Martin Creed retrospective to open at Hayward
Turner prize winner Martin Creed is to open his most comprehensive exhibition to date at London's Hayward Gallery on Wednesday.
What's The Point Of It? features more than 160 works by the internationally-renowned artist.
Creed won the Turner prize in 2001 for his now famous installation, The Lights Going On and Off.
The show includes Half the Air in a Given Space - a large walled area filled with nearly 7,000 balloons.
Visitors are invited to walk inside the room and move their way through a mass of white balloons and try to find their way back out again.

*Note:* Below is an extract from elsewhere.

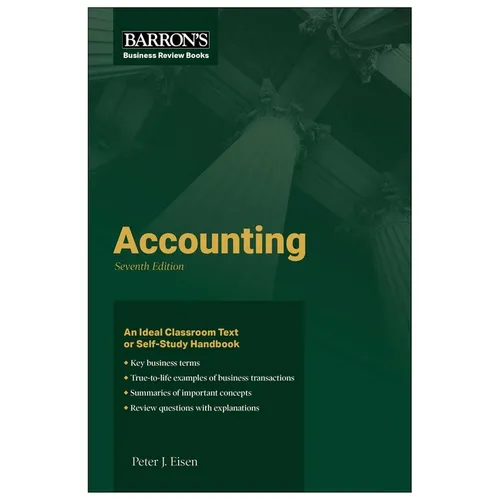 Accounting - Paperback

Another work, displayed on one of the Hayward's sculpture terraces overlooking London's Southbank, features a Ford Focus car - every few minutes the engine starts, the horn beeps, the doors and the bonnet open, the wipers start and the radio comes on. Then everything turns off again and the doors shut. And the cycle begins again.

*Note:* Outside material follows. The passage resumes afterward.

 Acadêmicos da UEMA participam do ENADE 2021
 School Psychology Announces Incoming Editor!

The artist, who was born in Wakefield, brought up in Glasgow and studied at London's Slade School of Fine Art, is no stranger to publicity - nearly three million people around the country joined in with Creed's All The Bells mass bell-ringing on the opening day of London's Olympic games in 2012.

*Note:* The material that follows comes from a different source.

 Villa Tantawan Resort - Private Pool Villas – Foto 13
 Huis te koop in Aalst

Yet Creed says of his latest opening: "I've done exhibitions before but nothing as scary as this."
Although described by many as a conceptual artist, Creed says: "I don't believe in conceptual art."
If asked to categorise his work, he would call it Expressionism: "Everything that everyone does is always an expression."
Many of the works on display include everyday objects being stacked on top of each other - boxes, chairs, planks of wood.
But when asked about one of his box installations, he says: "I don't think of it as a work of art."
He also admits to having reservations about how best to display his work.
"I'm suspicious of art galleries. They are beautiful places that look good, anything can look good in a gallery to an extent.
"I feel a bit uneasy if it's a closed-off inward-looking place. I try to do my work outside as well," he adds - and the Hayward does seem to lend itself to his work with its open brutalist architecture and external sculpture platforms.
As visitors enter the exhibition, they are confronted by a huge steel structure with the word "mothers" written across it in neon letters - rotating 360 degrees, some taller patrons may have to duck at the right moment.
"I don't want to hurt anyone... but I think roads and railways are far more dangerous," Creed says.
The retrospective showcases the depth of the artist's work across many genres - his new album Mind Trap is also released on Wednesday - and his 2009 ballet, Work Number 1020, will be performed at the Queen Elizabeth Hall on 8 April. His band will also perform at the Royal Festival Hall on 8 February.
And sound is an important component of the exhibition, including Thirty-Nine Metronomes Beating Time, One At Every Speed - the loud ticking echoes around the neon mothers sign as you enter the gallery.
Ultimately, Creed says his aim is to work without boundaries: "I want to be free... I try to do things that I can live with having done."
So is there an answer to the exhibition's title - What's the Point of it?
"I don't know. It's a question I often ask myself. I don't really understand it but it means a lot to me."
Martin Creed: What's the Point of it? runs from 29 January until 27 April at the Hayward Gallery, London.